You would think that was relatively straightforward. Apparently not.
There was misinformation promulgated. One piece of that misinformation was that, all of a sudden the province was taking far more money in the form of Estate Administration Tax (popularly known as probate fees) than it had been previously. This was simply untrue. The calculation of Estate Administration Tax has not in fact changed for many years. .5% is charged on the first $50,000 of assets of the estate (the maximum is $250) and 1.5% on the balance. To give an example, on an estate whose assets are worth $100,000 as of the date of death the Estate Trustee would pay to the province ($250 + $750) = $1000 for probate fees. That had not changed.
Another piece of misinformation was how difficult it might be for a new Estate Trustee to prepare and file the Estate Administration Return. Since January 1, 2015 our firm, and no doubt others, have been gathering documentation from clients with regard to the nature and value of assets owned by the deceased as of the date of death.

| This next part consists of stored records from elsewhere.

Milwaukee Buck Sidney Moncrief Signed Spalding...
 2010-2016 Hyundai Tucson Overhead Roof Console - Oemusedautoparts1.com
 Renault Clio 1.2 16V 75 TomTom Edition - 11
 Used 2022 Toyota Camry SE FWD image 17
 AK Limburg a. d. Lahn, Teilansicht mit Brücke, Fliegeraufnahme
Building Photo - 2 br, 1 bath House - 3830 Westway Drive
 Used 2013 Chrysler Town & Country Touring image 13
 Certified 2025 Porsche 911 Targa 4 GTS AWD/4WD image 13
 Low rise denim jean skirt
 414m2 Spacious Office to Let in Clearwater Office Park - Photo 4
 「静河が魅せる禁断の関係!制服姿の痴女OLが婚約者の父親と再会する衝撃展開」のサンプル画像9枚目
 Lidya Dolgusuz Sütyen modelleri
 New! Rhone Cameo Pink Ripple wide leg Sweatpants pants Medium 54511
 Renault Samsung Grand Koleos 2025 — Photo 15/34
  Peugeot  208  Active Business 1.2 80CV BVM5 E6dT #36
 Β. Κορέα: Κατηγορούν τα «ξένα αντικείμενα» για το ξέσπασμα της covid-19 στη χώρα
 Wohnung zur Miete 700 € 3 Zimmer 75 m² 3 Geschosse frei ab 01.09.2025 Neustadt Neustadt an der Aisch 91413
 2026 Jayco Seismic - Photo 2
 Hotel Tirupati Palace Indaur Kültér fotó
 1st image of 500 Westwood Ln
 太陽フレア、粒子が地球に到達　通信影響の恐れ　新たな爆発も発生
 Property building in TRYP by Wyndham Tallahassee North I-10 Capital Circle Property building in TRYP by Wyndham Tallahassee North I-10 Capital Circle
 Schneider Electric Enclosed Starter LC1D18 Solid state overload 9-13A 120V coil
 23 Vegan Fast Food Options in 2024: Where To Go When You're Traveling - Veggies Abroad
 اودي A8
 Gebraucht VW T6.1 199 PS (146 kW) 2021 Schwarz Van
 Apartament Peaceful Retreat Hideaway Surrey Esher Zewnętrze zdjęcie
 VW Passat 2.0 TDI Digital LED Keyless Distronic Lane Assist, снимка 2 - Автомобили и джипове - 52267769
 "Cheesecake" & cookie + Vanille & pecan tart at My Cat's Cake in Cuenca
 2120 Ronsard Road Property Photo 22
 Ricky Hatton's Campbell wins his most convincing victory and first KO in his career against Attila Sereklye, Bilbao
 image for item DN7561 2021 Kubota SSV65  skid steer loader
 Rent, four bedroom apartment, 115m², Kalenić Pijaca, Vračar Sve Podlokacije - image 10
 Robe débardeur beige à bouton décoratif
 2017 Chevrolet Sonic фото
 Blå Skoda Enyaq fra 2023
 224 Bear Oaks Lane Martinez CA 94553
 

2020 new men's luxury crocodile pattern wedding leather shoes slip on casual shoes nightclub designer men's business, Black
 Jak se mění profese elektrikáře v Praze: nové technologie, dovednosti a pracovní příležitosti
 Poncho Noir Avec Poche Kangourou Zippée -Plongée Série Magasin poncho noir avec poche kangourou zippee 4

Most institutions will cooperate and provide a statement giving information as of that date or at least close to it. We have been obtaining letters of opinion from appraisers, which are relatively inexpensive to obtain, regarding the value of real property. Invariably we prepare a draft of the Estate Information Return which the client reviews when they sign the documentation for an Application to the court. The client can sign the Return after the Certificate is issued by the court and, in fact, must, by law, submit the Return to the Province within 90 days after the Certificate is issued by the Court. We have submitted a considerable number of these Returns to the province on behalf of clients since January 2015 and none of our clients, to date, has been audited. The gathering of this information and the preparation of the Return has not added substantially to the time spent by our firm on any Application as, previously, we were spending a similar amount of time gathering the same information -- we just were not preparing such Returns
As a result of the misinformation, however, which has arisen from this regulation, some people are attempting to avoid an application to the Court with sometimes dire results.
The most unfortunate circumstance I've seen was a situation where the deceased was the mother of three children, one of whom was disabled. The deceased had taken the time to prepare a will which included a special provision for the disabled child which is known as a discretionary trust or popularly as a Henson trust. As a result of advice taken by the deceased with regard to this new regulation she named all three of her children as beneficiaries on her RRIF and named all three children joint with herself on her investment account. When a disabled adult child owns more than $5000 worth of assets, disability payments from the Province (ODSP) stop until the capital is reduced to the $5000 amount of savings. We were able, in the circumstances, to take steps, by making the institution aware of the problems it had caused for the disabled person by providing the advice, to reverse those adverse effects. There were still some unfortunate tax consequences but the result for the disabled child might have been quite a bit more difficult had we not been able to effect that reversal.
Joint ownership to attempt to avoid the payment of Estate Administration Tax/probate fees can have other consequences. For instance if one child of three holds assets in joint ownership with a parent and the parent dies the following may be the consequences.
By virtue of a Supreme Court of Canada decision referred to as Pecore the child who held assets jointly with the parent, prior to the parent’s death held them on the basis of what is known as a resulting trust. Following the death of the parent the child , is still, at law, holding those assets pursuant to the trusts set forth in the will and expected to utilize those assets on behalf of all of the beneficiaries of the will and still has the same responsibilities as any Estate Trustee. They still have to provide statements to those beneficiaries and obtain releases. They still have a personal obligation with regard to tax and to creditors as they hold the assets they receive on trust and the trust is still contained within the will. Those children, however, do not always seek out the advice they need in order to perform their obligations properly. They may not realize, as they sometimes do not consult lawyers after the parent’s death, the nature of their obligations and the consequences if those obligations are not fulfilled.
The foregoing should not be considered to be legal advice and should not be relied upon as such. Please consult a lawyer to get advice and an opinion on your unique circumstances.